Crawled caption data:
+++

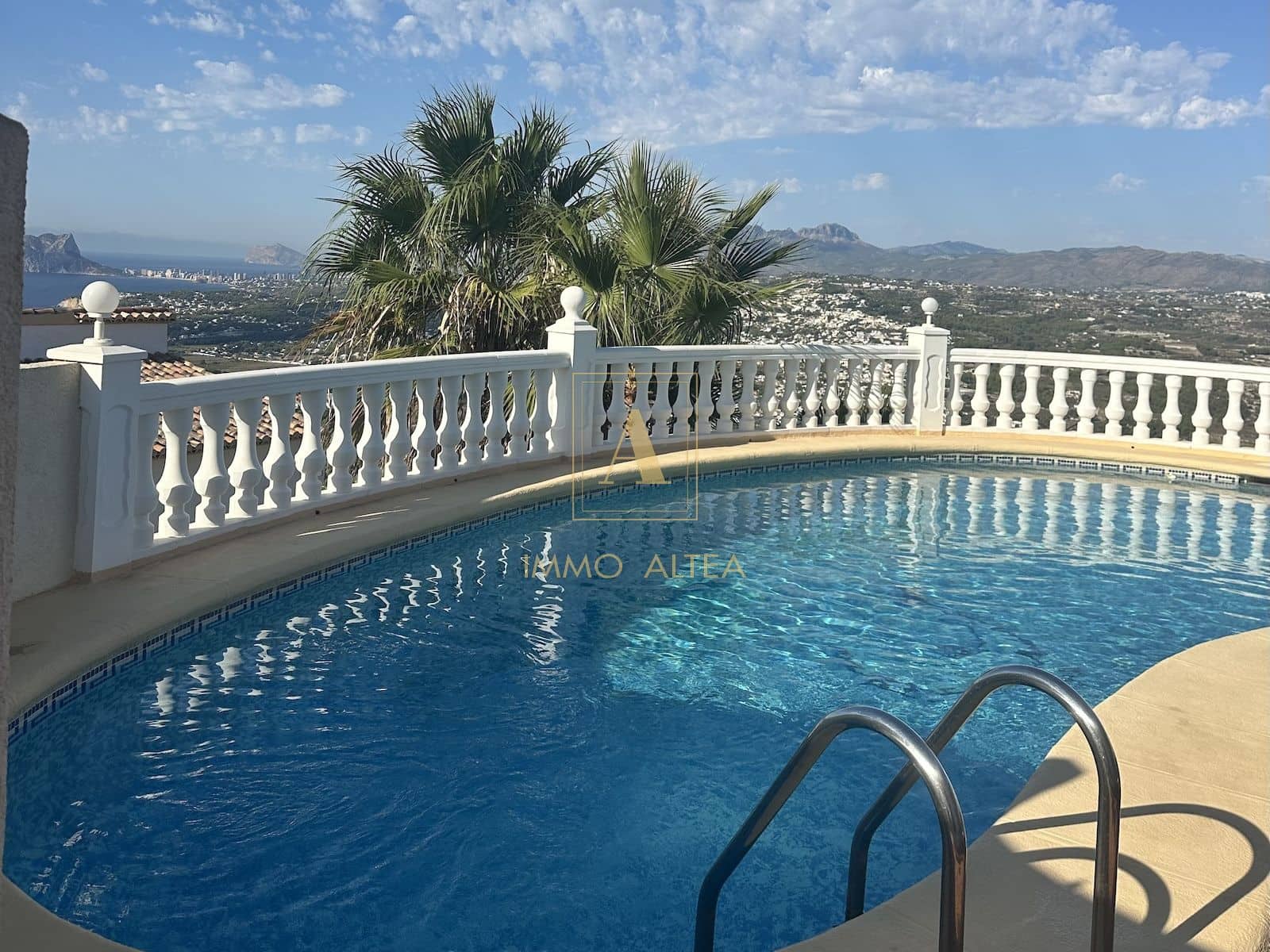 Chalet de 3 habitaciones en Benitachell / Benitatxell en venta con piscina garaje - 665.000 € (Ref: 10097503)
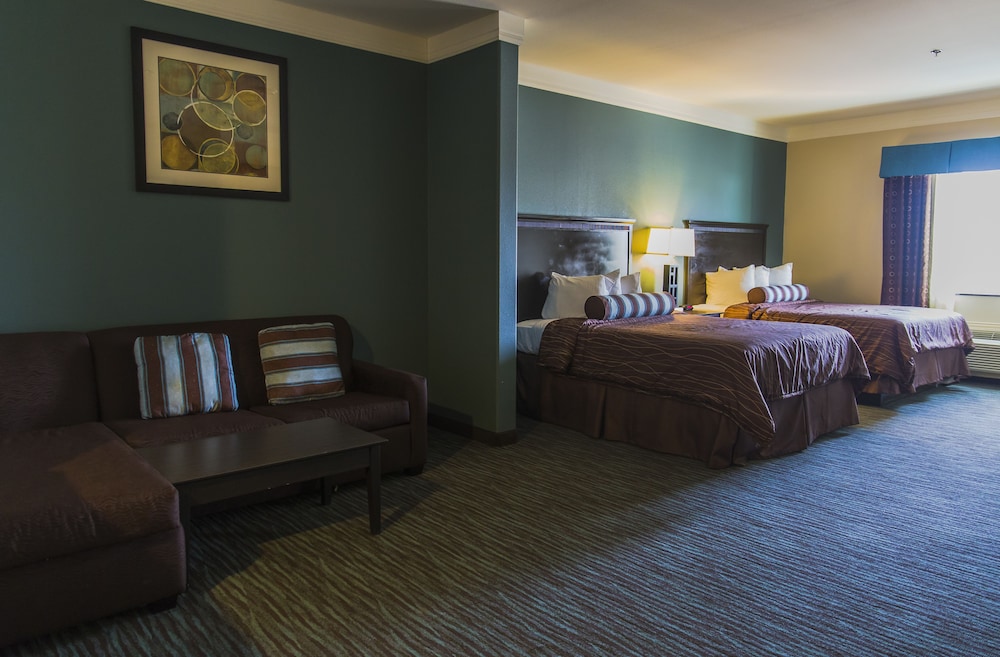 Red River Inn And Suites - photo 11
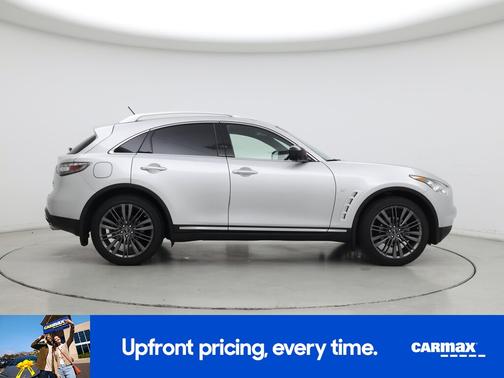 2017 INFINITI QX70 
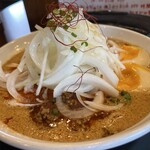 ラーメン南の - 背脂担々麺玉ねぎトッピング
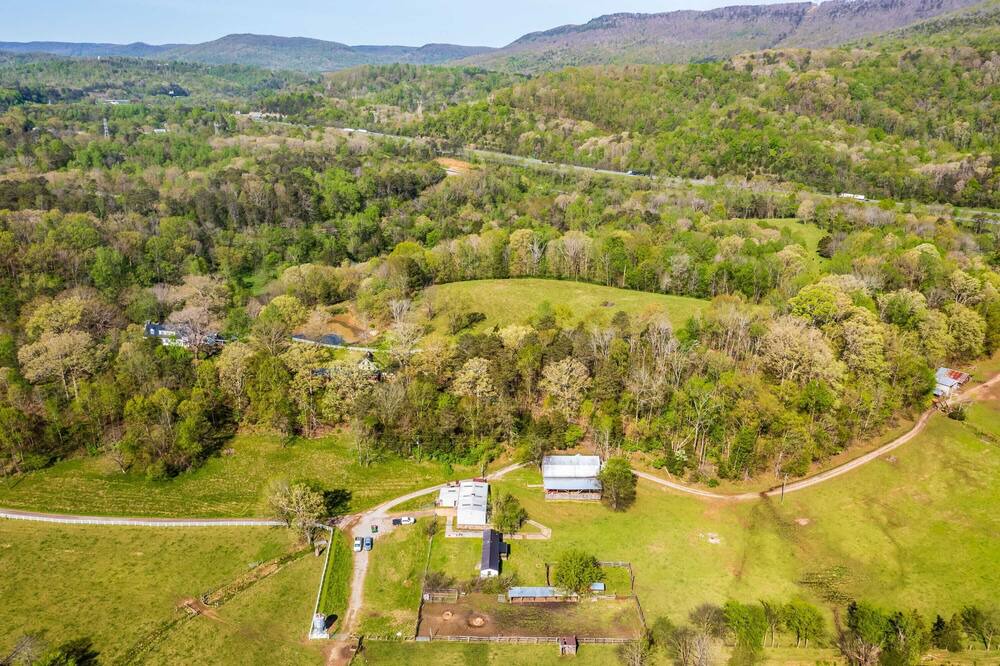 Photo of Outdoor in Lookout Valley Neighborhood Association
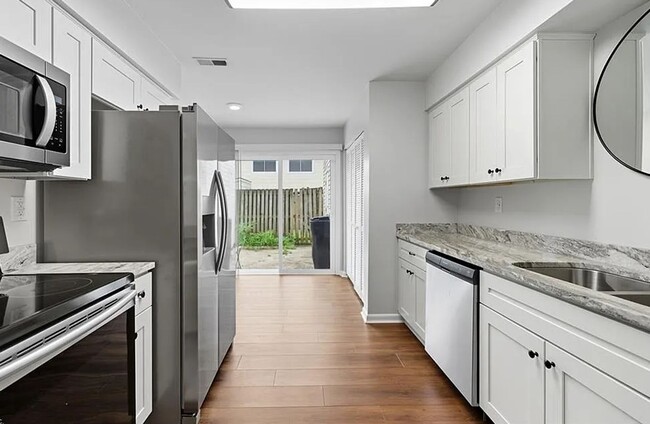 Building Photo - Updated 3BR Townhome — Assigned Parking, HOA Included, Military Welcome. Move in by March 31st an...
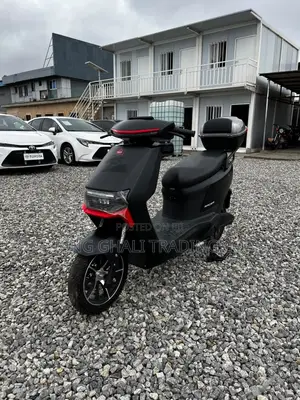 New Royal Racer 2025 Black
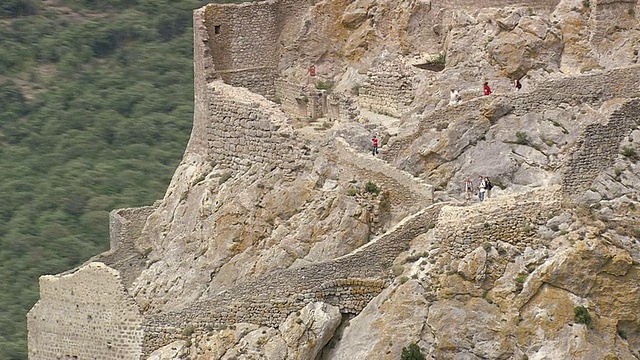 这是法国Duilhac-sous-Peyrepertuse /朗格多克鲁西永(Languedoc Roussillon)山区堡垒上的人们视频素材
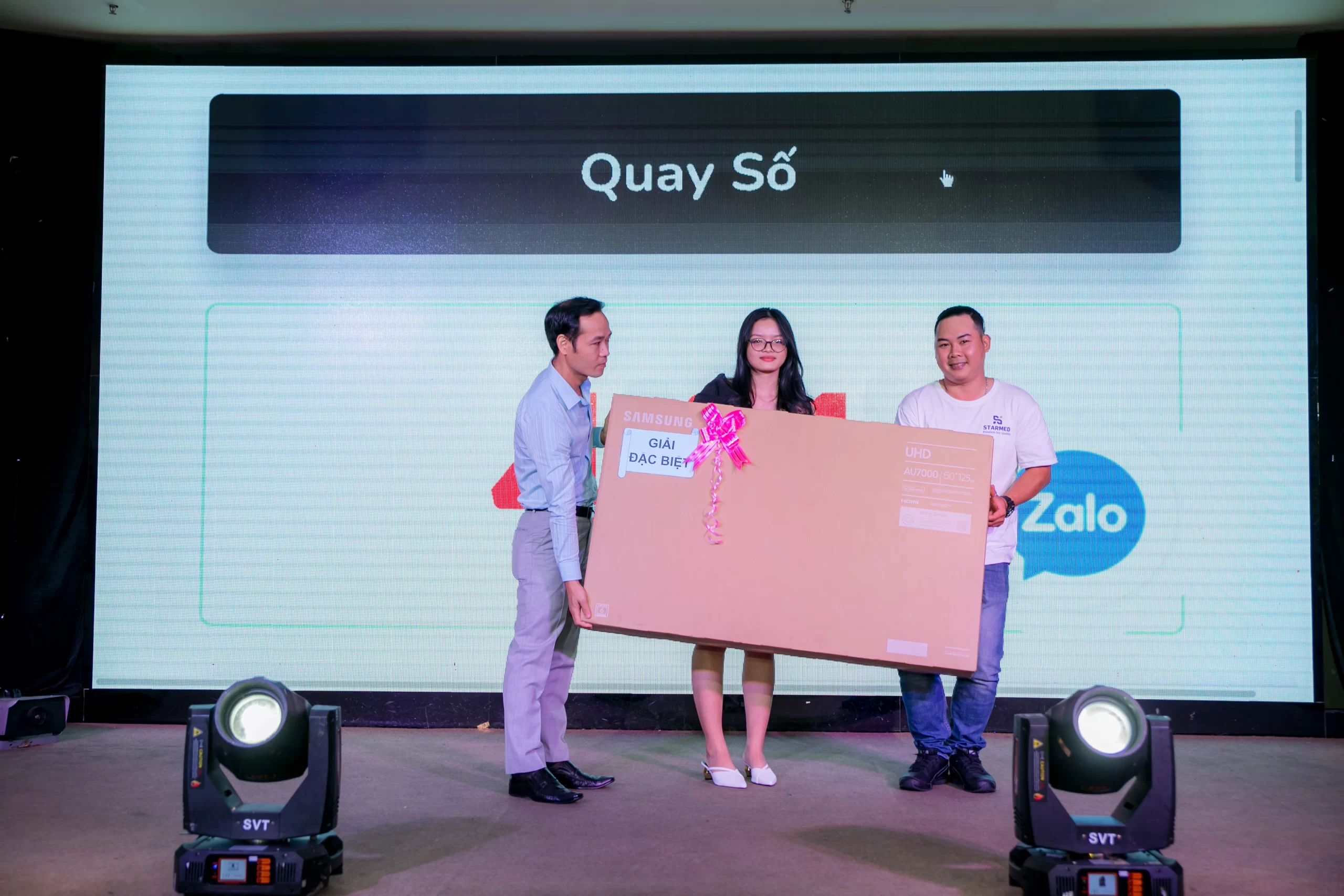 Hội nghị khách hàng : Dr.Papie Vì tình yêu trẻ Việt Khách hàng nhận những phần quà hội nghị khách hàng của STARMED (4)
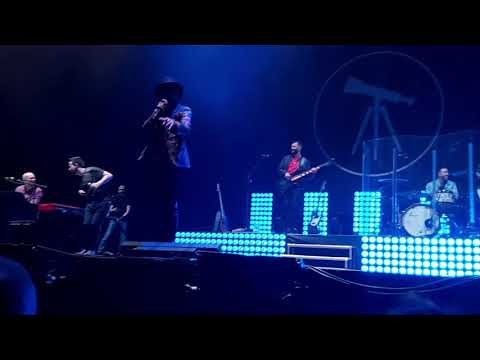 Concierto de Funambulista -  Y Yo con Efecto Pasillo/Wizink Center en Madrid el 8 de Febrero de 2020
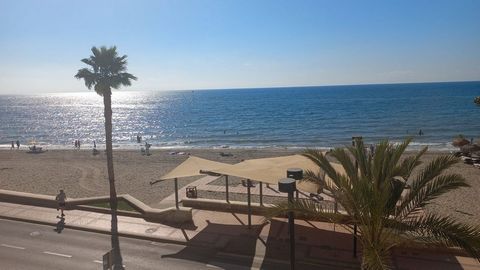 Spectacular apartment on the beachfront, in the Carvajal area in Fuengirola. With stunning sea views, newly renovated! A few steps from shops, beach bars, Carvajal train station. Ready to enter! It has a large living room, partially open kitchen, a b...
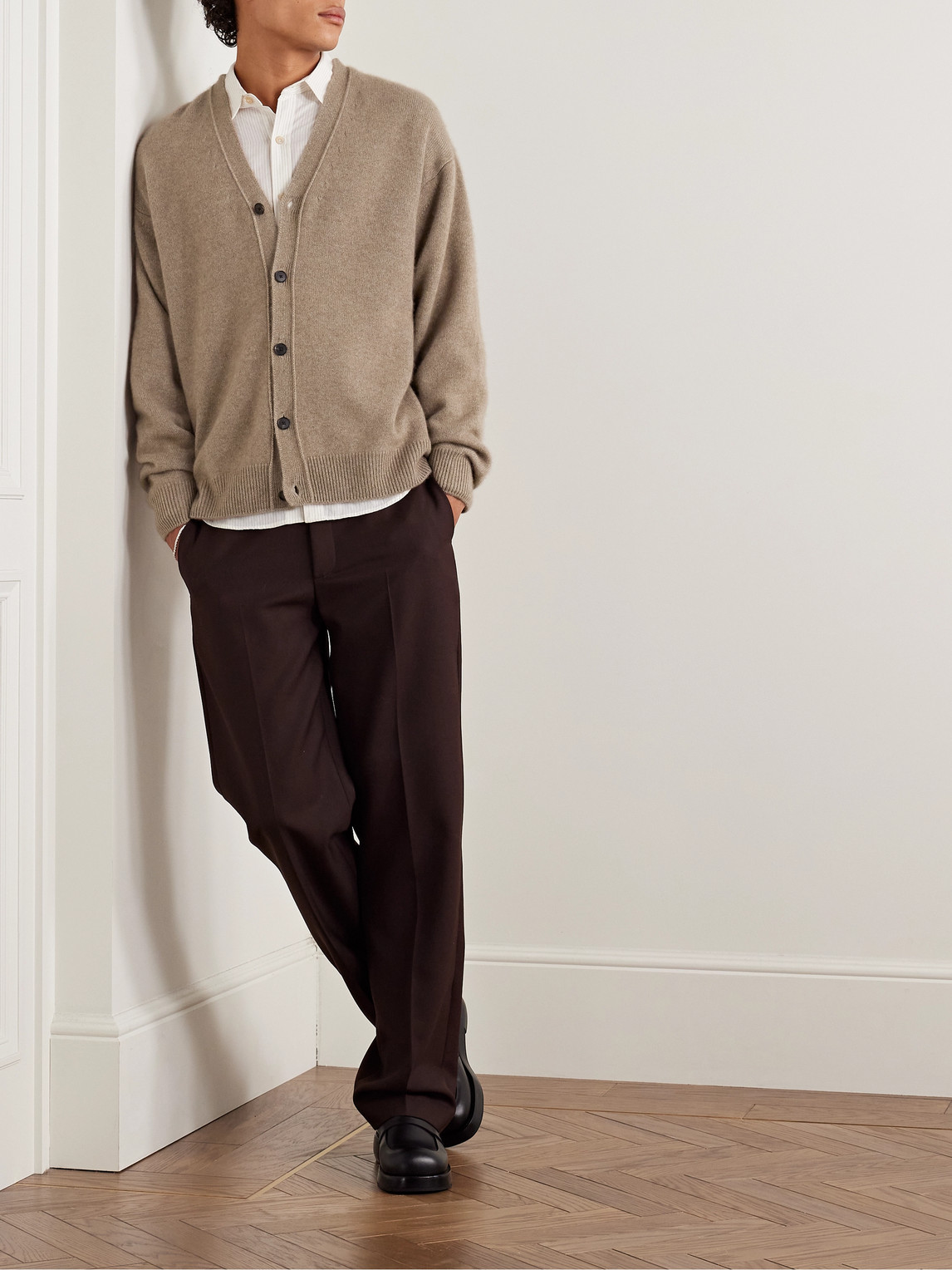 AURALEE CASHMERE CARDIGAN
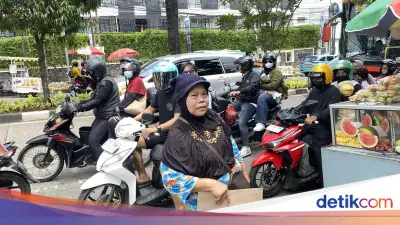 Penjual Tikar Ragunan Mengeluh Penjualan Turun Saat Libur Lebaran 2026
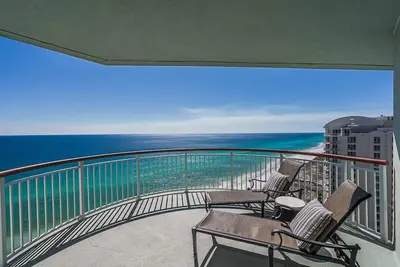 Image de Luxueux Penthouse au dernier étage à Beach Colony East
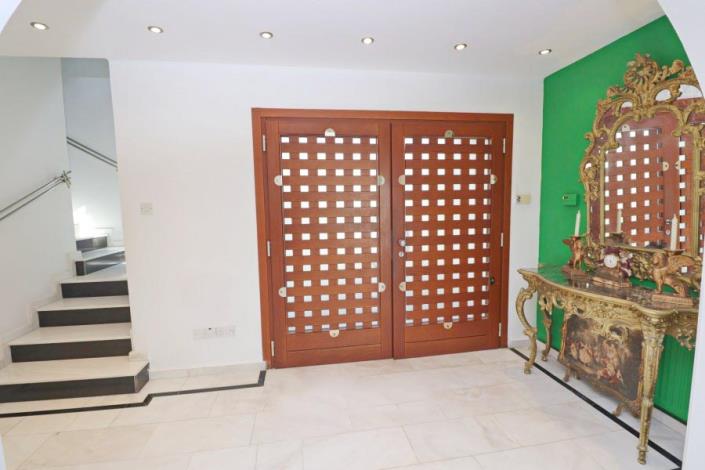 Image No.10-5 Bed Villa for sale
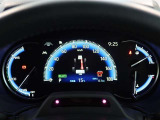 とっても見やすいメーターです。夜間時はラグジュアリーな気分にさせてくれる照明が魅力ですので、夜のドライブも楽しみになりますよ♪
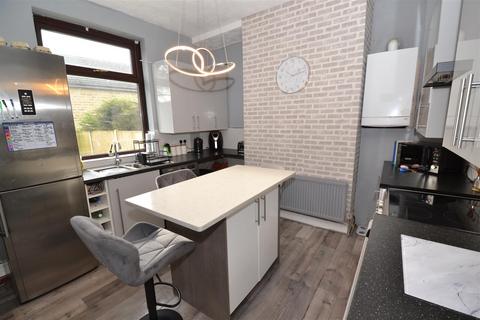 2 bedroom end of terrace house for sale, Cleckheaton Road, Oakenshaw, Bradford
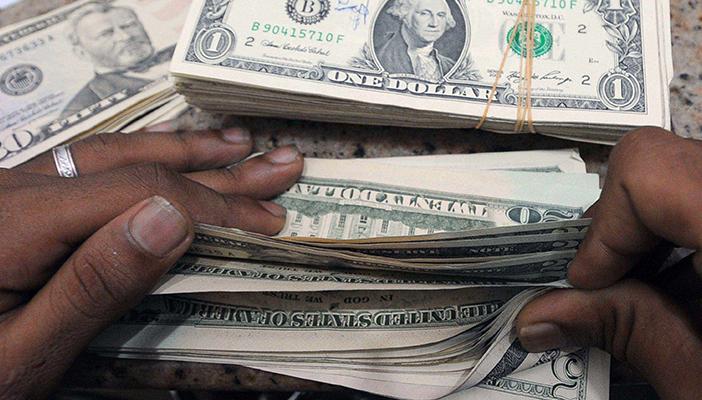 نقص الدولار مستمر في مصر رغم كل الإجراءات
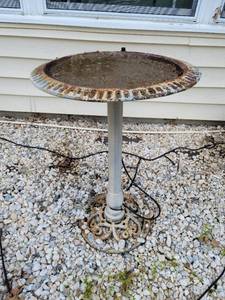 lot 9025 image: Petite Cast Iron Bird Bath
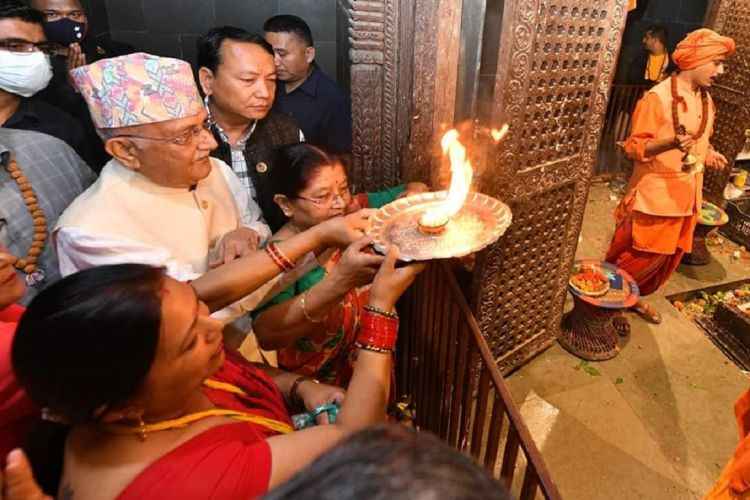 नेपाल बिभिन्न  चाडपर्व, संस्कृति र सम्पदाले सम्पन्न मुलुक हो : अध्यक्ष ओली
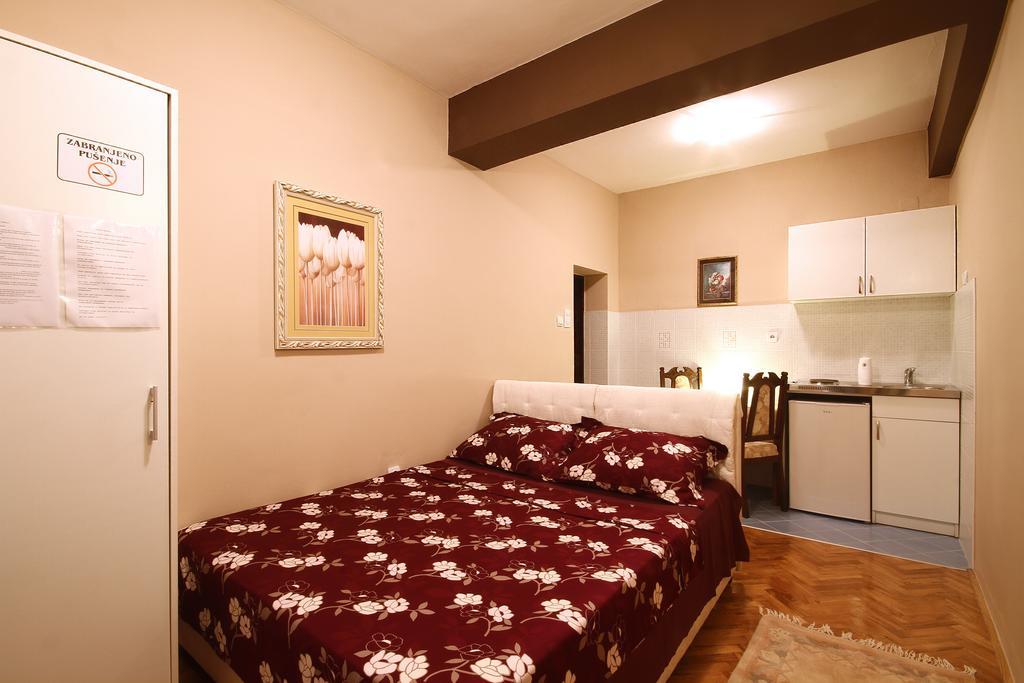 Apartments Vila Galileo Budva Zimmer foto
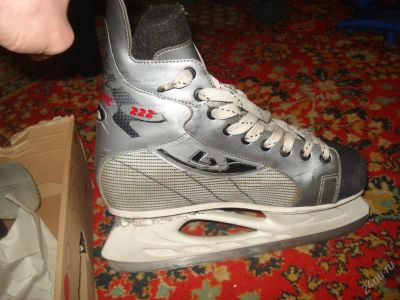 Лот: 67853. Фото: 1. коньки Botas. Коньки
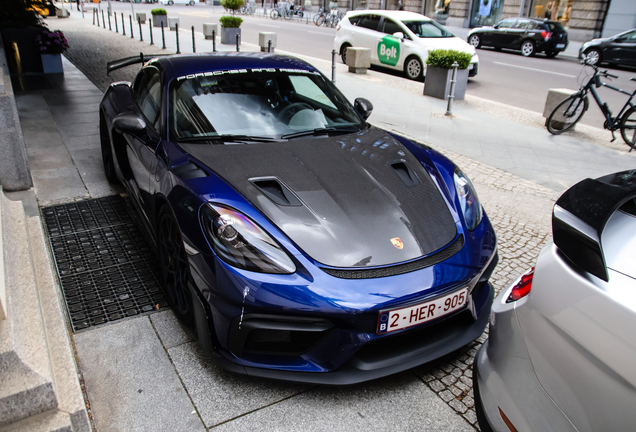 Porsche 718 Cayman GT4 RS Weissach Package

+++

• To do: Your answer must be an exact copy of the lines above, from the line that contains "نقص الدولار مستمر في مصر رغم كل الإجراءات" through the final line, with no pictures in it.

• Expected answer:
 نقص الدولار مستمر في مصر رغم كل الإجراءات
 lot 9025 image: Petite Cast Iron Bird Bath
 नेपाल बिभिन्न  चाडपर्व, संस्कृति र सम्पदाले सम्पन्न मुलुक हो : अध्यक्ष ओली
 Apartments Vila Galileo Budva Zimmer foto
 Лот: 67853. Фото: 1. коньки Botas. Коньки
 Porsche 718 Cayman GT4 RS Weissach Package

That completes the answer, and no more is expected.